- **PROBLEM TO SOLVE**
Word-for-word reproduction, images excluded: copy every entry below.

Stored records:

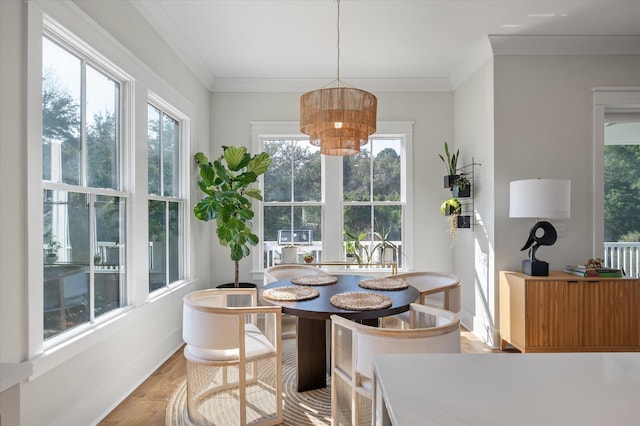 dining space with light wood finished floors, baseboards, and crown molding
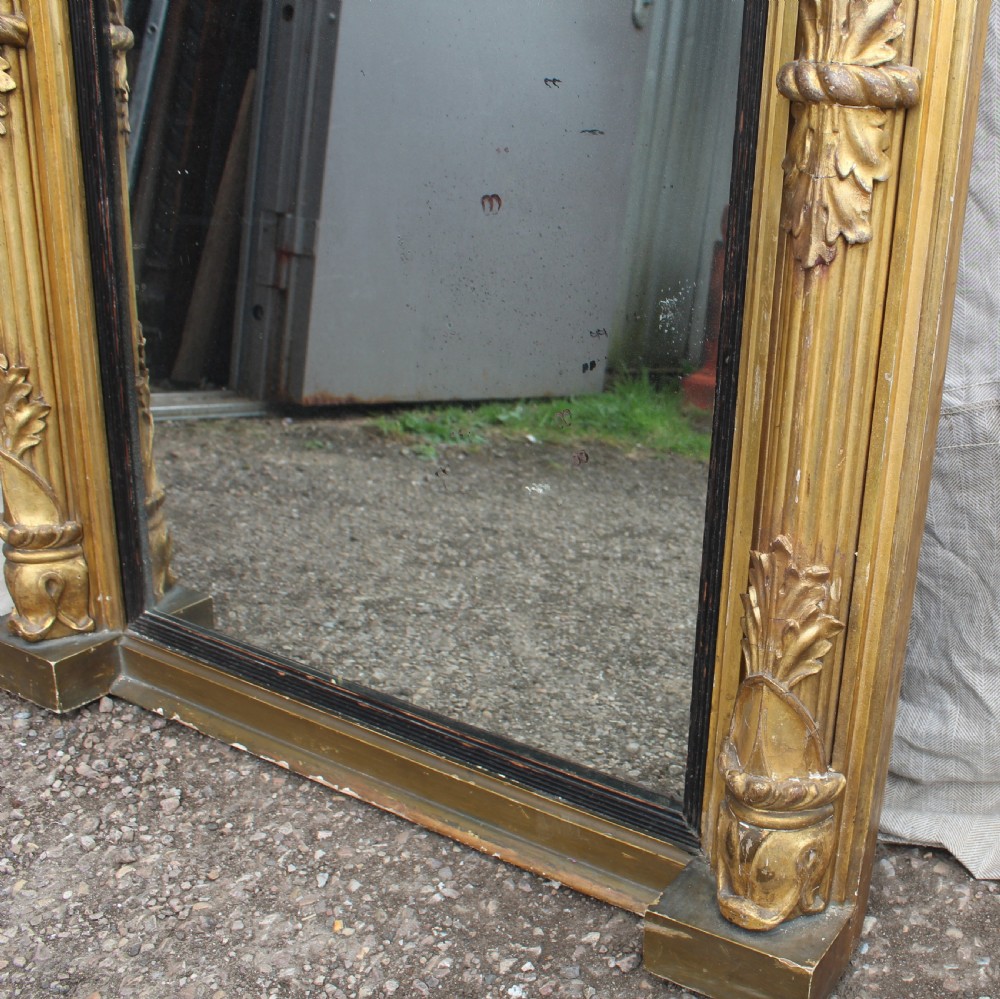 A rectangular antique giltwood pier mirror with fluted side columns, rosette medallions, and a stepped breakfront cornice. View III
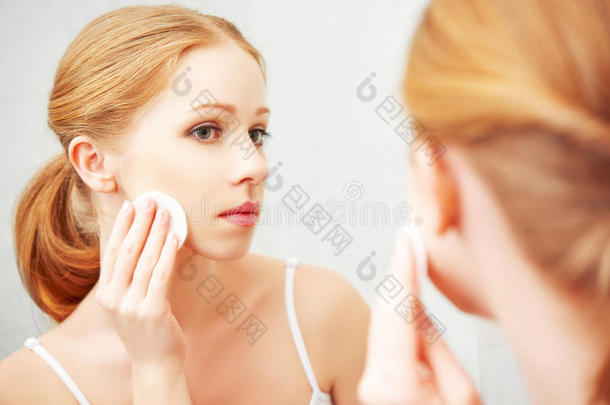 美丽的年轻女人用面部皮肤卸妆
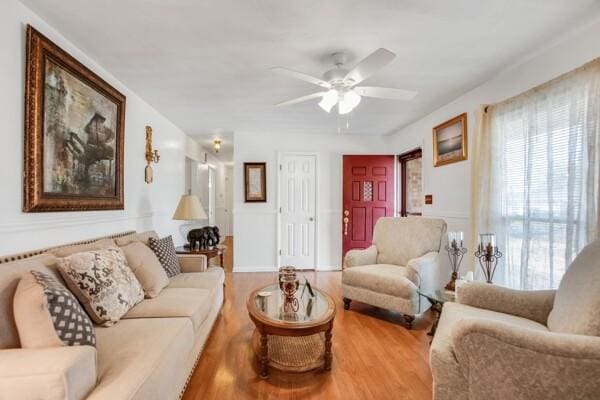 living room featuring hardwood / wood-style floors and ceiling fan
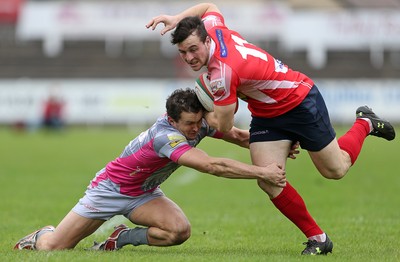 081016 - Aberavon v Llanelli - Principality Premiership - Ryan Conbeer of Llanelli is tackled by Richard Carter of Aberavon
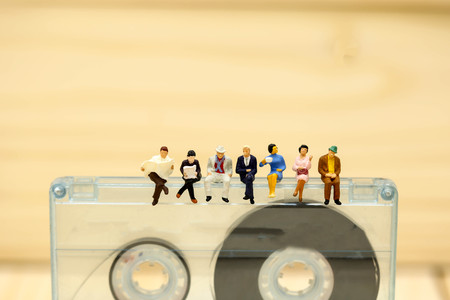 Miniature people : worker and people relax sitting with Audio cassette with magnetic tape.の写真素材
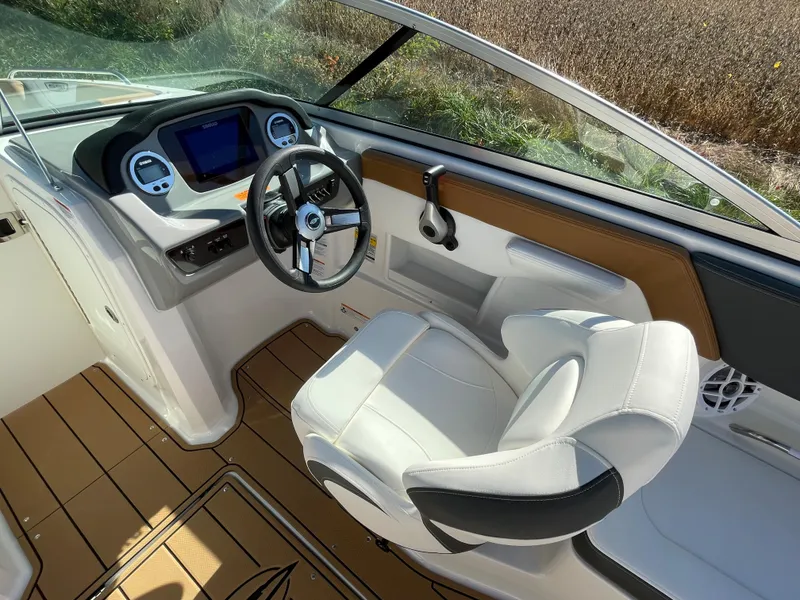 Slide: The Image of 2024 Chaparral 23 SSi OB boat cockpit with modern dashboard and comfortable seating. - 22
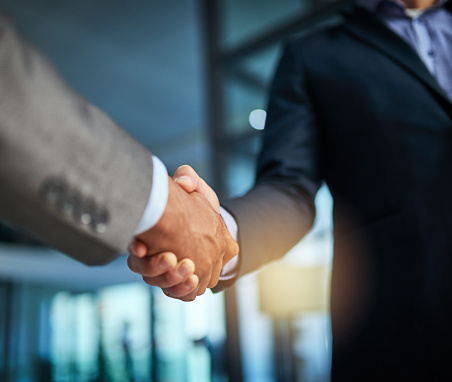 Cropped shot of two businessmen shaking hands in a modern office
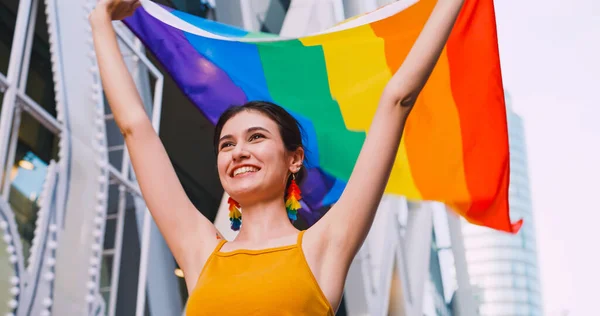 在一场骄傲的游行中 一位年轻女子挥动着彩虹旗 象征着同性恋 — 图库照片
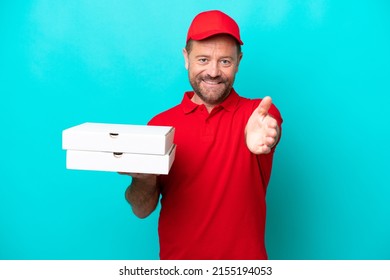 Pizza Delivery Man With Work Uniform Picking Up Pizza Boxes Isolated On Blue Background Shaking Hands For Closing A Good Deal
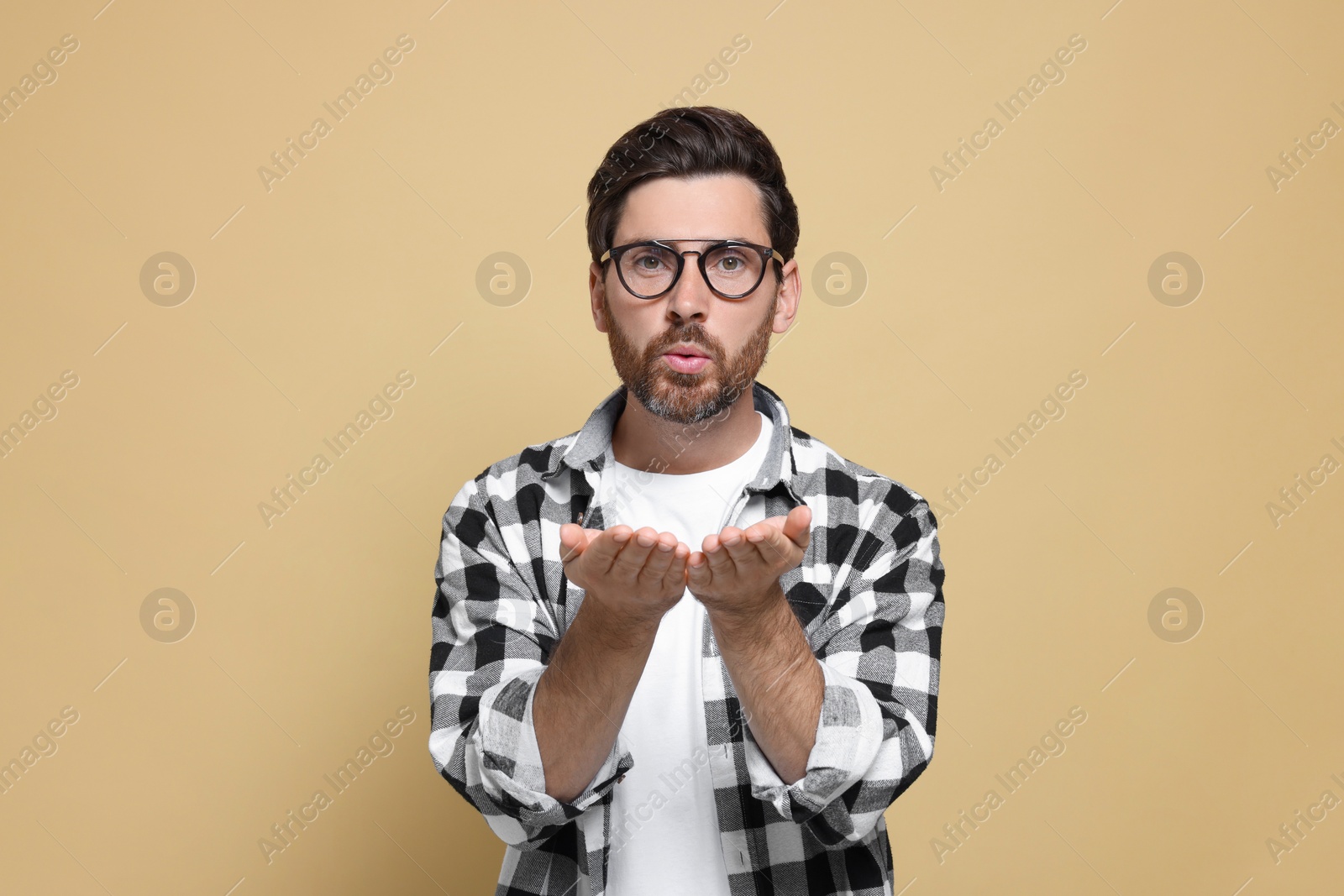 Photo of Handsome man blowing kiss on beige background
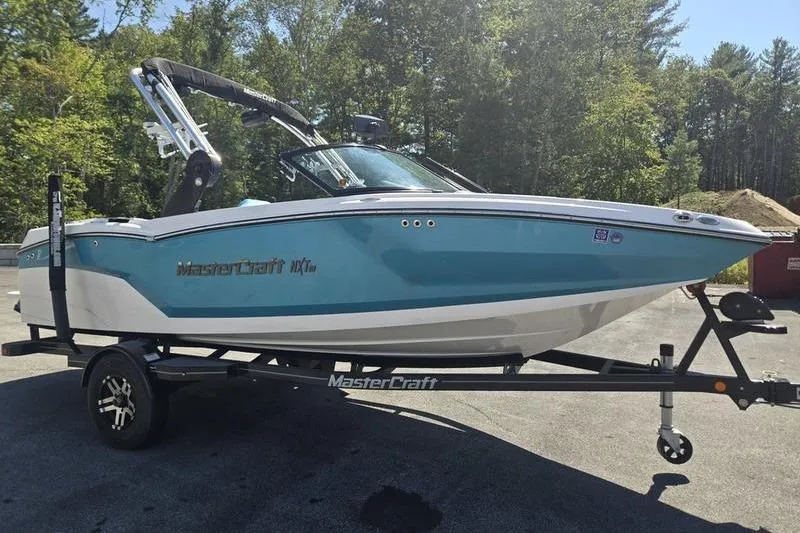 Slide: The Image of 2020 MasterCraft NXT20 boat on trailer, parked outdoors with trees in background. - 17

- **ANSWER FOR THIS EXERCISE**
 dining space with light wood finished floors, baseboards, and crown molding
 A rectangular antique giltwood pier mirror with fluted side columns, rosette medallions, and a stepped breakfront cornice. View III
 美丽的年轻女人用面部皮肤卸妆
 living room featuring hardwood / wood-style floors and ceiling fan
 081016 - Aberavon v Llanelli - Principality Premiership - Ryan Conbeer of Llanelli is tackled by Richard Carter of Aberavon
 Miniature people : worker and people relax sitting with Audio cassette with magnetic tape.の写真素材
 Slide: The Image of 2024 Chaparral 23 SSi OB boat cockpit with modern dashboard and comfortable seating. - 22
 Cropped shot of two businessmen shaking hands in a modern office
 在一场骄傲的游行中 一位年轻女子挥动着彩虹旗 象征着同性恋 — 图库照片
 Pizza Delivery Man With Work Uniform Picking Up Pizza Boxes Isolated On Blue Background Shaking Hands For Closing A Good Deal
 Photo of Handsome man blowing kiss on beige background
 Slide: The Image of 2020 MasterCraft NXT20 boat on trailer, parked outdoors with trees in background. - 17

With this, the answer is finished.